加藤清正という武将をご存知でしょうか?
加藤清正は豊臣秀吉の側近として活躍した人物です。
また熊本城を築城するなど戦以外の分野においても多くの活躍をしました。
今回は加藤清正について
- 加藤清正の代表的な戦とは
- 【逸話】加藤清正の勝ち戦と負け戦は?
- 【最強伝説】加藤清正の強さはどれくらい?
を紹介します。
加藤清正の代表的な戦いとは
今回は朝鮮征伐の文禄の役について紹介します。
文禄の役は加藤清正にとっては初めての大軍を率いて参戦した戦いでした。
天正18年(1590年)に天下を統一した豊臣秀吉は中国・明帝国を征服するために、明の冊封国(従属関係)であった朝鮮国(李氏朝鮮)を攻めます。
加藤清正も朝鮮征伐に参戦します。
日本軍は宇喜多秀家を総大将に約15万人の兵を6つに分けます。
加藤清正は第2番隊の主将として約2万の兵を率いることになりました。
加藤清正は4月17日に釜山(プサン)へ上陸すると、第1番隊の小西行長と競うように朝鮮国の首都である漢城(現在のソウル)を目指し5月3日に落とします。
https://commons.wikimedia.org/wiki/File:Bunrokunoeki_shinro.JPG
漢城攻略後は
- 第1番隊(小西勢)と第3番隊(黒田勢)とともに北上
- 5月18日 臨津江(りんしんこう)の戦いで朝鮮軍を破る
- 7月17日 海汀倉(かいていそう)の戦いで朝鮮軍を破る
- 朝鮮八道の1つである咸鏡道(かんきょうどう、朝鮮半島北部)を平定
- 朝鮮国の王子2人を捕虜とする
咸鏡道を平定した加藤清正は朝鮮国平定に時間をかけるべきではないと考え、豊臣秀吉の目標である明国への早期の進撃を訴えます。
しかし、他の隊は朝鮮国平定に時間を費やしたために朝鮮軍に明軍が加勢すると日本軍は進撃を停止します。
加藤清正率いる第2番隊は北上し朝鮮国と満州の国境である豆満江(とうまんこう)を越えオランカイまで進軍しますが、明への進路から外れていたため引き上げます。

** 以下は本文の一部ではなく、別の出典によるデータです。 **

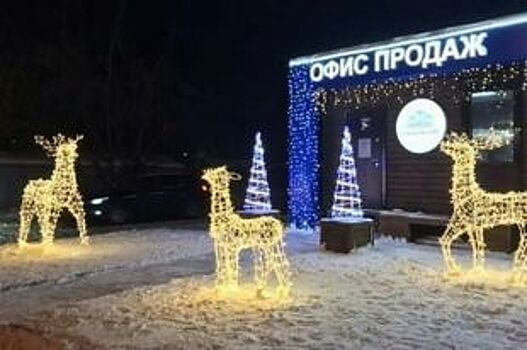 Витрины и улицы Барнаула украшают к Новому году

さらに、日本軍がいなくなった咸鏡北道では朝鮮人が決起したため、これを撃破するものの咸鏡道を放棄し漢城に入ります。
明軍の参戦によりこれ以上の進軍は無理と判断した日本軍は朝鮮半島南部を平定するために慶尚道と全羅道の制圧を図ります。
文禄2年(1593年)、日本軍は慶尚道にある晋州城を攻撃します(第2次晋州城の戦い)。
加藤勢は晋州城の北方から攻め、加藤清正の配下が一番乗りする(黒田勢と競う)活躍を見せわずか8日で晋州城を落とします。
この後に日本軍と明軍の間で本格的な和平交渉が行われましたが、この交渉は豊臣秀吉の目標であった明国征服に反することだと考えた加藤清正は和平を結ぼうとしていた小西行長と対立します。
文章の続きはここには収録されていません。